Every day it does not rain, and many days when it does, this man walks three miles to the Pike Street public market in Seattle to play long alien notes on his Chinese instrument.

You walk by him on your way to the Athenian Cafe in the market. He’s got a couple of bucks and change in his begging cup so you toss in a couple more. When you come out of the restaurant an hour or so later, he’s got what he had, what you gave him, and a couple of quarters more. Almost everyone is ignoring him. He plays on.

Seattle is a second-level city most famous in popular culture for a second-rate rock band who did not so much invent “grunge” as simply show up on stage playing and wearing it. The band and its lead singer have been in different stages of dead for decades now, but their style lives on in Seattle like the galvanic twitches in the corpse of a frog long after it has been pithed. Seattle’s left with a zombie pop culture whose only hope for survival is feeding on the brains of the bovine young. That’s thin gruel for a zombie, but Seattle’s “cultural scene” is eking out an undead living with inspirational shows such as this:

Lest you misunderstand, the names on the portable outhouse door are band names. If you attend this venue of “cutting-edgy” and oh-so-transgressive “creativity” you can hear hymns to little monsters, excrement, liquid excrement, maimed animals, and vague apocalyptic rumors. If you are fortunate your ears will not bleed as part of the “fun.” Make no mistake about it, the names of the bands will be the best thing about them. In fact, the poster itself tells you so in no uncertain terms.

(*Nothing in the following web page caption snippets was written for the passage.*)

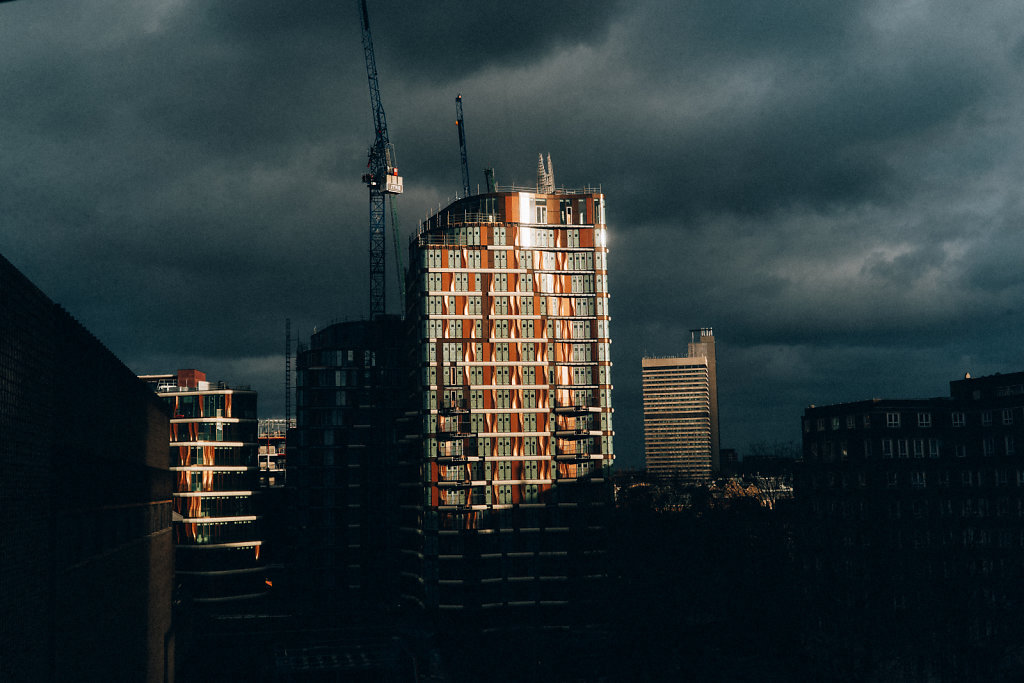L1006415.jpg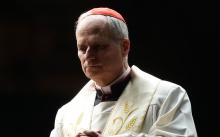 Papa León XIV pide a Netanyahu cese al fuego en Gaza tras ataque a iglesia católica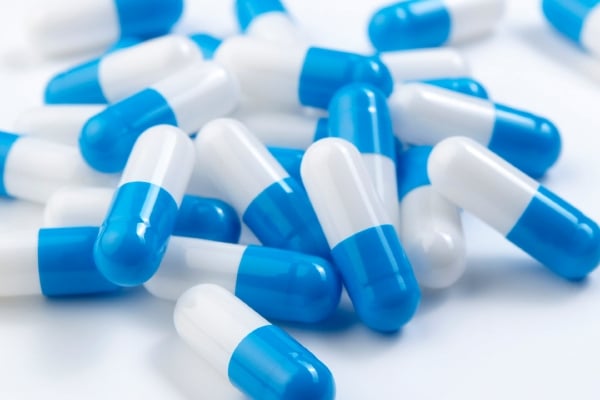 Diuretics Side Effects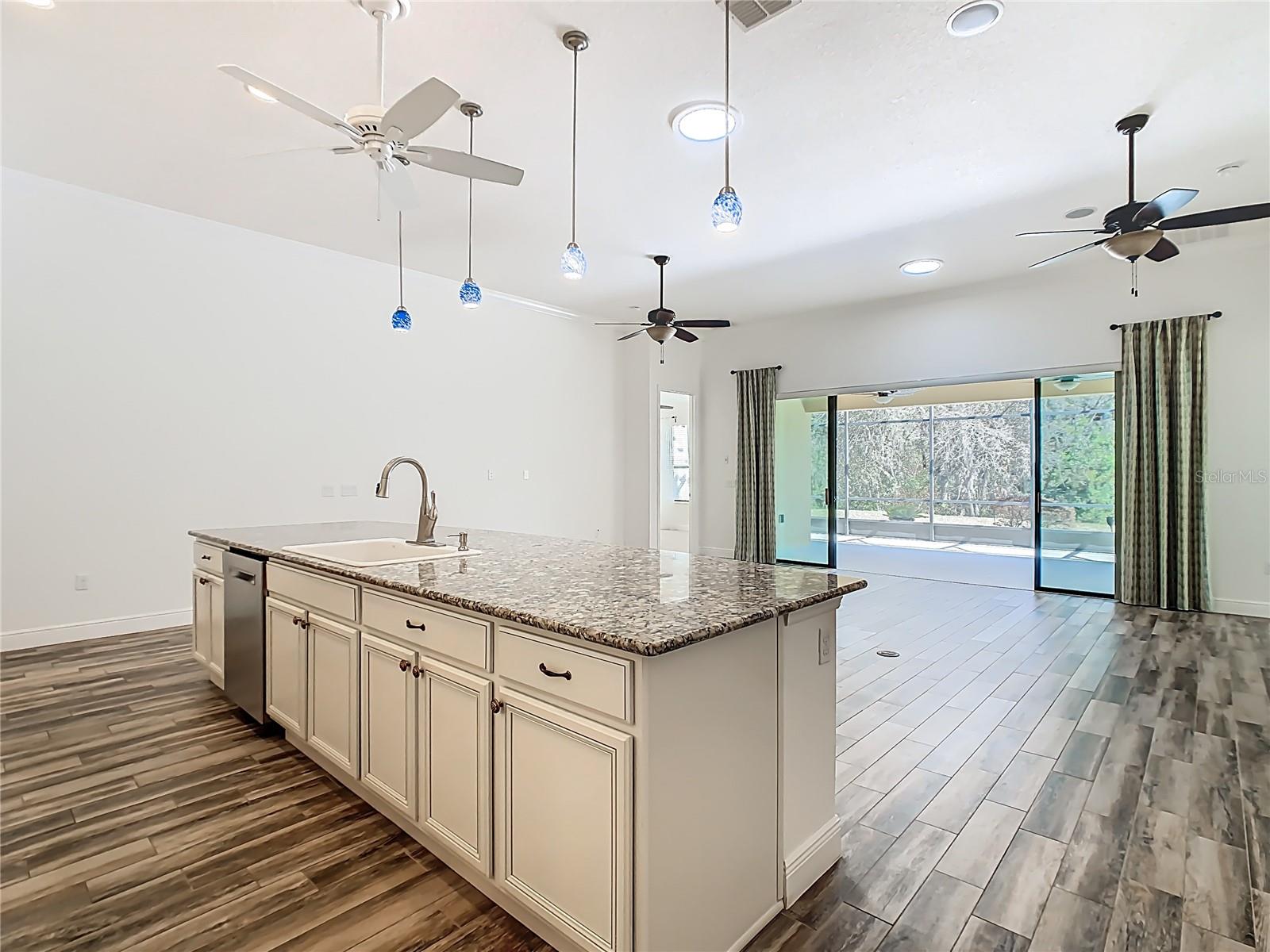 SOLIVITA PH 7B2 - Residential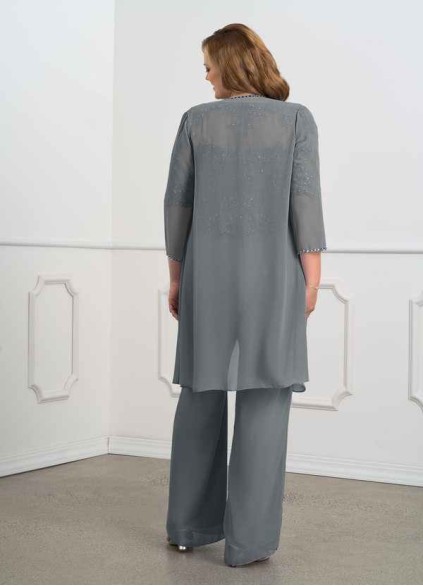 Syekd Florida Jumpsuit Syekd Florida Jumpsuit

I don’t think the old Chinese musician in the market will get into this club, unless it is to make five bucks for scraping the roaches, rubbers, and lost drugs works off the floor, and to mop out the toilets. It’s pretty much how “youth culture” rolls in this second-level city.

Postmortem effects. The twitching of the pithed.

But of course that’s just “pop” culture and it’s pretty much drained of the new, the beautiful and the true everywhere. There’s always “haute” culture to turn to, isn’t there?

Let us go then, you and I…. to the acclaimed and recently redone Seattle Museum of Art. It’s just a couple of blocks from the old Chinese musician in the market. It’s recently undergone one of its relentless expansions under the watchful gaze of Bill Gates mom. The entrance is vaulting. Vaulting enough to have room for an extremely awful sculpture of five or six bad cars hanging from the ceiling with sticks of lights spurting from them in a vague pattern. What does it all mean? Well, in the words of R. Crumb’s Mr. Natural, “It don’t mean shit.”

But wait, surely with the Gates family doing the heavy fund-raising lifting, this cathedral to high art in the 21st century is light years beyond the grunge and excrement of the pop culture music scene? It just has to be, doesn’t it?

Of course not. Here’s what you see enshrined in the dead center of the main exhibit floor of the Seattle Art Museum:

Yes, that’s a museum-quality ceramic toilet by one of my old art teachers, the late Robert Arneson. I studied under him for a couple of terms at the University, and he was an amazing man, and not a bad sculptor, but still second-level when confined to his era. He’ll be virtually unknown in another 50 years and this particular piece will be part of the reason. Even though it gets pride of place in the Seattle Art Museum, it is — to say the least — one of the worst Arneson’s around and he has many. Still, a third-rate collection in a second-level city has to take what it can get.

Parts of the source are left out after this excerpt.